3. Triazolium Liquid Crystals. With John Slattery, and Ivana Pibiri and Andrea Pace (Palermo, Italy) we have prepared examples of triphilic (hydrocarbon, fluorocarbon and ionic) mesogens based on a 1,2,4-triazolium cation (14) which show the SmA phases typical of ionic materials (J. Mol. Liq., 2021, 321, 114758). Triphilic organisation is seen in the isotropic state and mesophase, and is evidenced in the solid state in the single crystal structure (below) and in an extensive crystallographic study that has been published (CrystEngComm, 2022, 24, 7852-7860).


Reproduced by kind permission of the Royal Society of Chemistry.

Halogen-bonded Liquid Crystals and Co-crystals

Following our report of the first example of a halogen-bonded liquid crystal (15) back in 2004 (J. Am. Chem. Soc., 2004, 126, 16-17), we worked extensively in this area (see eg Chem. Eur. J., 2010, 16, 9511-9524) and have recently published a critical review of the area (Helv. Chim. Acta., 2023, 106, e202300008).

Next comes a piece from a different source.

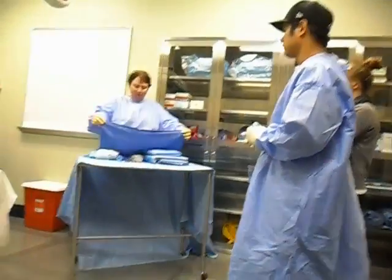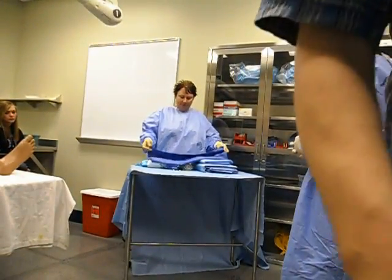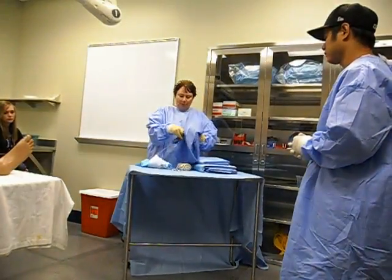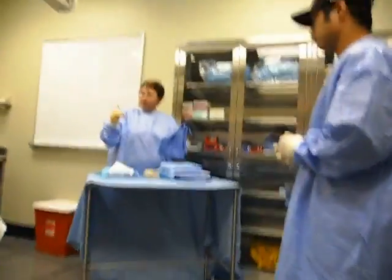The towel you're going to want to put either in half or in thirds. And you're going to need a towel clip — either a perforating or a non-perforating towel clip.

In collaboration with Resnati and Metrangolo, we reported on the liquid crystal properties of ionic halogen-bonded materials (16) where the liquid crystallinity was driven by the halogen-bonded anion (Angew. Chem. Int. Ed., 2016, 55, 6300-6304). Most recently, we have reported on the structure and mesomorphism of some halogen-bonded complexes of interhalogens (17), which tend to show SmA phases (CrystEngComm, 2023, 25, 1683-1692). Theoretical aspects of these studies have been carried out in collaboration with my colleague Peter Karadakov (see also. J. Phys. Chem A, 2012, 116, 10621 and Cryst. Growth Des., 2010, 10, 3710).

We also branched out a little into aspects of crystal engineering (see e.g. Chem. Eur. J., 2014, 20, 6721-32, CrystEngComm, 2014, 16, 4254-4264).